Earlier this year, Austin Energy signed a contract for what could be the lowest price for solar electricity ever, just under $0.05 per kilowatt hour (kWh), locked in for 25 years – without any local or state subsidies. The electricity comes from two solar farms also going up in West Texas, a 150 MW and 50 MW plant built by Sun Edison.  

The price is less than a third of what Austin Energy paid in 2009 for solar, and beats natural gas ($0.07), coal ($0.10) and nuclear ($0.13)!

The utility’s goal is the highest in the US – 35% of electricity from renewables by 2020 – and it’s almost there, six years early, demonstrating that it’s not that hard to meet aggressive renewable energy targets. It’s also been getting incredibly cheap deals for wind energy.

Recurrent says it has over 500 MW of operating solar projects in North America and 2 gigawatts under development.

400 MW Project Moves Ahead

Meanwhile, the first phase of a 400 MW project is online in San Antonio.

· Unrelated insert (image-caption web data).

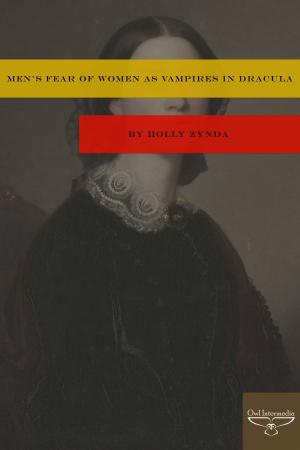 Book cover of Men's Fear of Women as Vampires in Dracula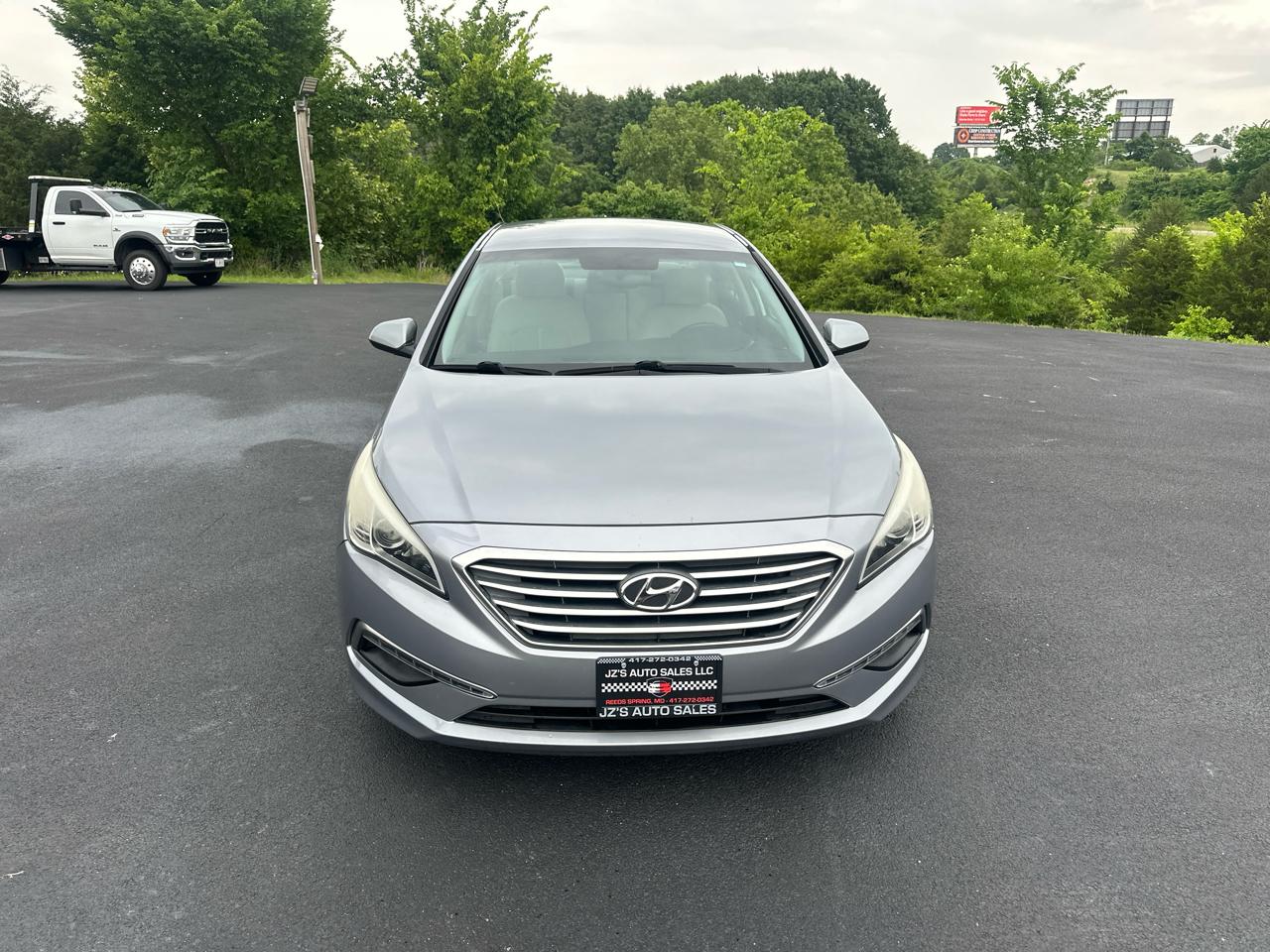 Hyundai Sonata SE 2015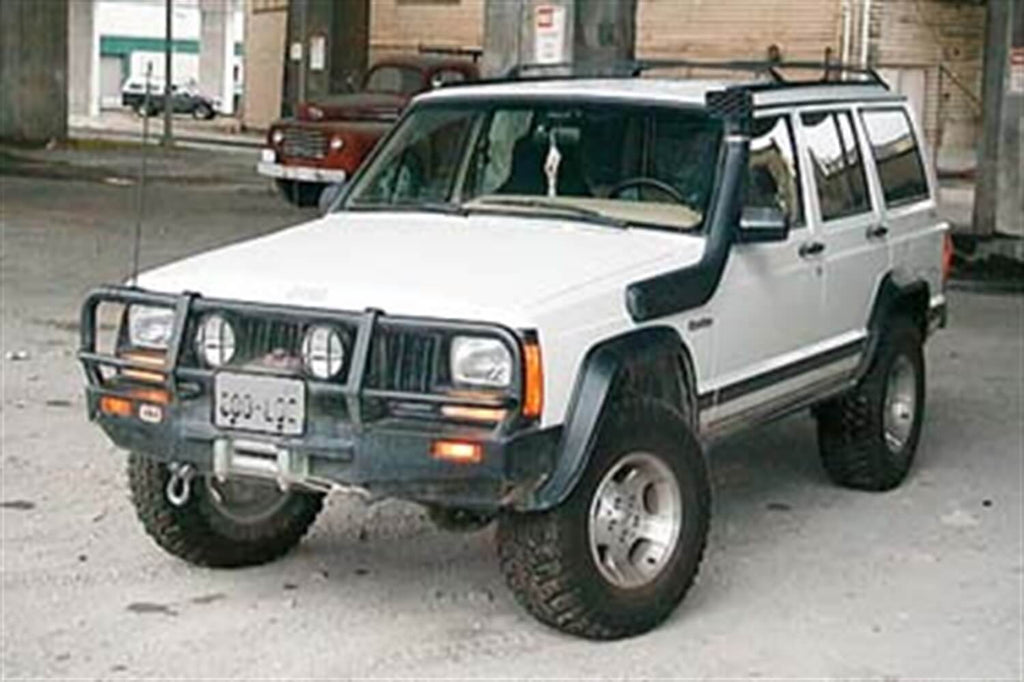 ARB 3450010 Winch Bumper for Select Jeep Cherokee
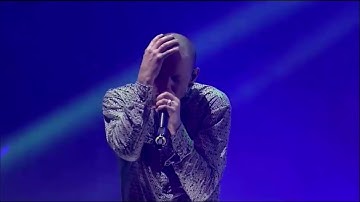 Linkin Park Performs "Breaking The Habit" Live at Birmingham 2017 (Chester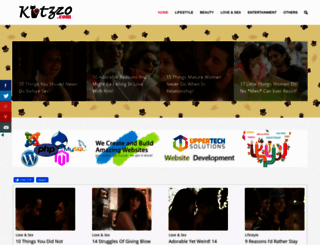 katzzo.com screenshot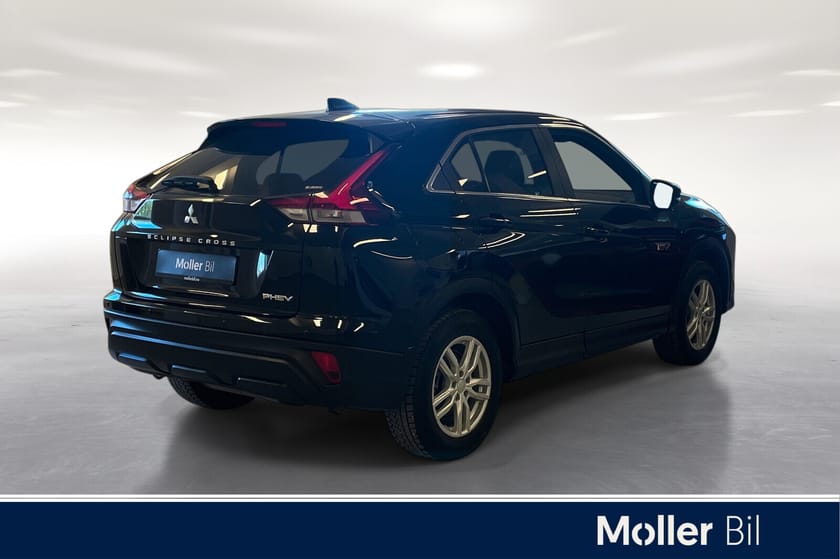 Bilde 5 av Mitsubishi Eclipse Cross PHEV Invite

Rather than being built as one, massive project, South Korea’s OCI Solar Power consists of four separate solar plants – the first phase is the 41 MW Alamo I solar farm.  

When the entire project is finished, Texas will be one of the top solar producing states.

Alamo 1:

Solar OCI Alamo 1

"By 2020, 65% of our community’s electricity will come from resources that are low- or no-carbon emitting – reducing emissions in an amount that’s equal to removing more than a million cars from local roads," says CEO Doyle Beneby of San Antonio’s municipal utility, CPS Energy.

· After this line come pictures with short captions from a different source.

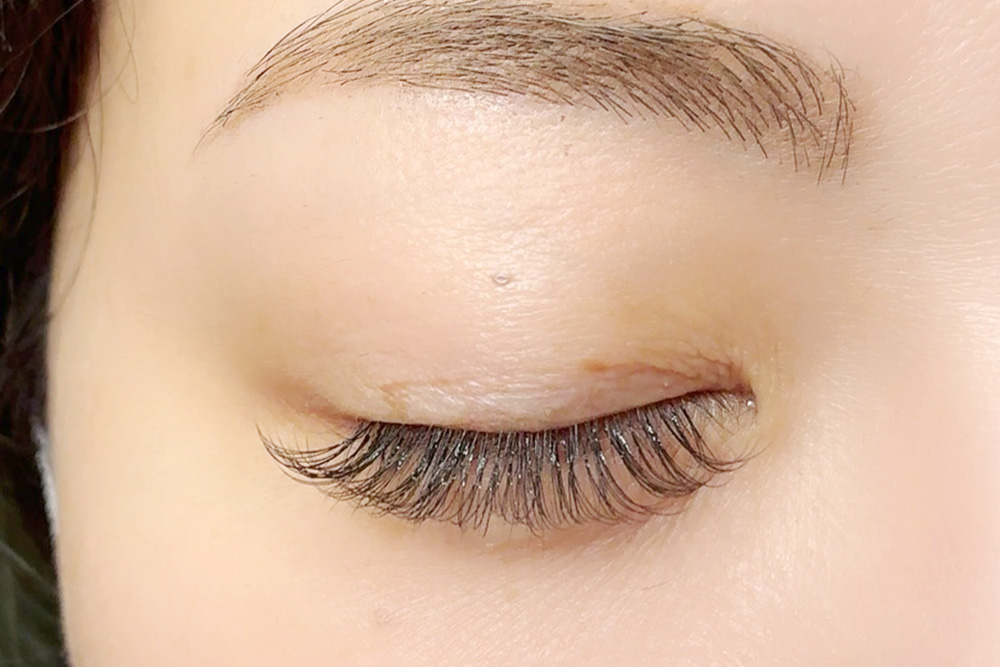 アイブロウ&アイラッシュ美眉ワックス&ボリューム80-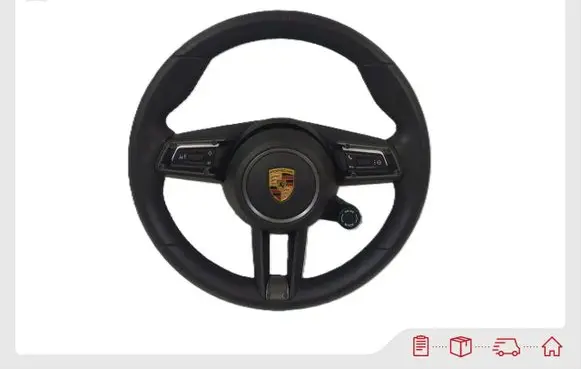 Porsche Taycan 9J1 Steering wheel airbag 9J1880201K 9J1419091GN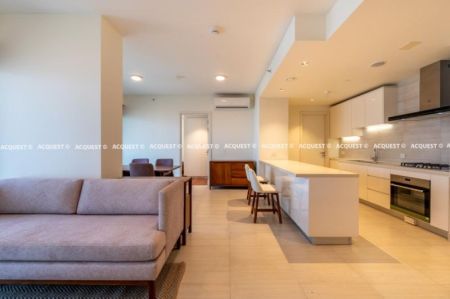 Living Room - Apartment for Sale - Cinnamon Life - Suites Tower - Colombo 02 | LKR 185,000,000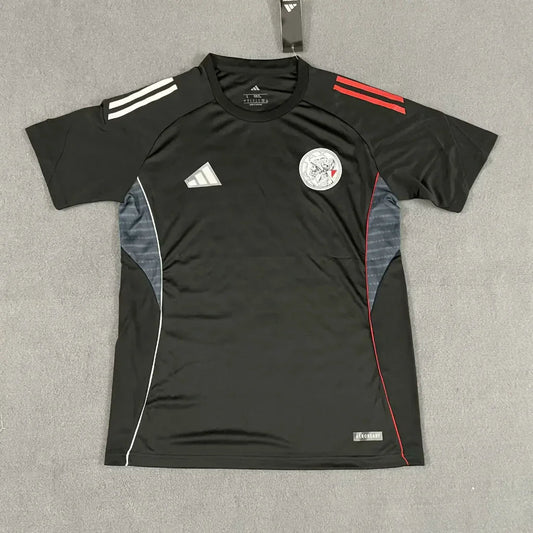 Ajax 25/26 Black Training Jersey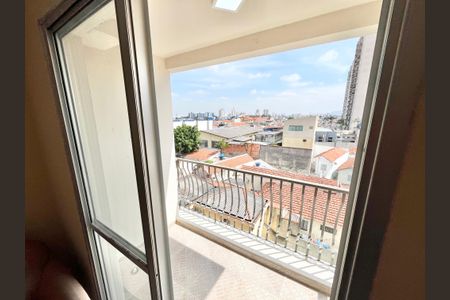 Apartamento para alugar com 59m², 2 quartos e 1 vagaVaranda da Sala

The project represents one of the most creative agreements for bringing solar to a state. Negotiated by San Antonio’s Mayor Julian Castro, he convinced the utility to tie clean power purchase agreements to economic investments in the city. As a result, OCI Solar Power moved its headquarters there and opened a $100 million manufacturing facility that makes the components for all its North American projects, creating 800 permanent jobs and $700 million in an annual economic impact for Texas. 

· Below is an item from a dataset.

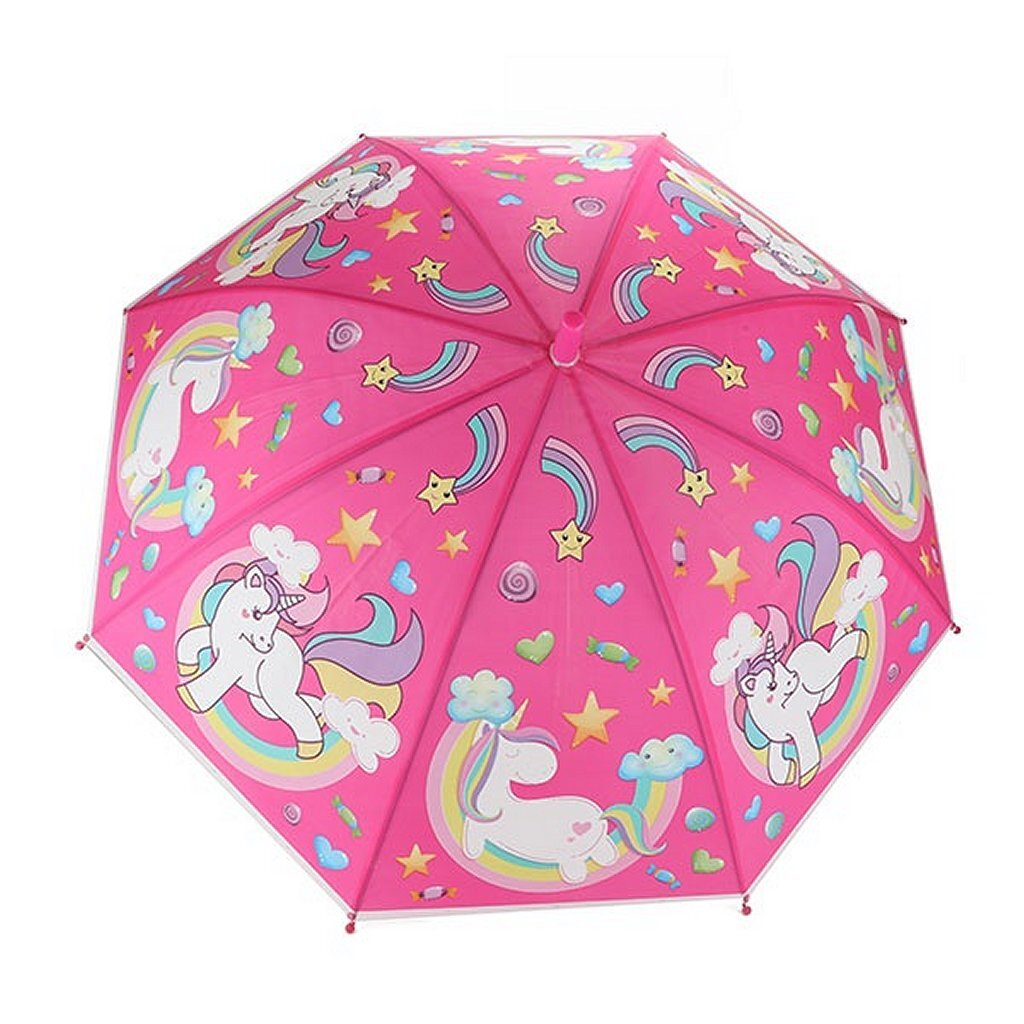 Droompaard eenhoorn kinderparaplu 80cm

Castro led an impressive turnaround at CPS Energy, turning it away from "bullheaded reliance on a fleet of enormous nuclear and coal-fired power plants built decades ago," to instead following a "New Energy Economy" plan. Now it’s aiming to get 20% of its power from renewables by 2020, and is on track to beat that goal.
 

El Paso Electric Company

The utility says it will be coal-free by 2016, as it moves forward on utility-scale solar to serve its 395,000 customers in west Texas and southern New Mexico.

"Our west Texas and southern New Mexico region has the right kind of sun for optimal solar energy production, making this region the ‘goldilocks’ in terms of climate, humidity and heat characteristics that allow us to expand our renewable portfolio with cost-effective technologies and reliable energy resources," says Tom Shockley, CEO.

Also in Texas

San Antonio’s leadership on renewable energy is bringing other rewards – the city is attracting talented individuals that work in the space and companies like Microsoft that want renewables to run their data centers.

Microsoft announced a 3-year partnership with the University of Texas to "transform how data centers consume energy." Noting that CPS Energy "is the largest publicly owned purchaser of wind power in the country," the team will evaluate using micro-turbines instead of diesel generators during times of peak demand and grid outages.

The company is also donating $1 million to the university’s Texas Sustainable Energy Research Institute. 

Last year, Microsoft made its biggest purchase of renewable energy, 100% of the energy from the 110 MW Keechi Wind Farm in Texas, to power its data center there. The money came from Microsoft’s internal carbon fee.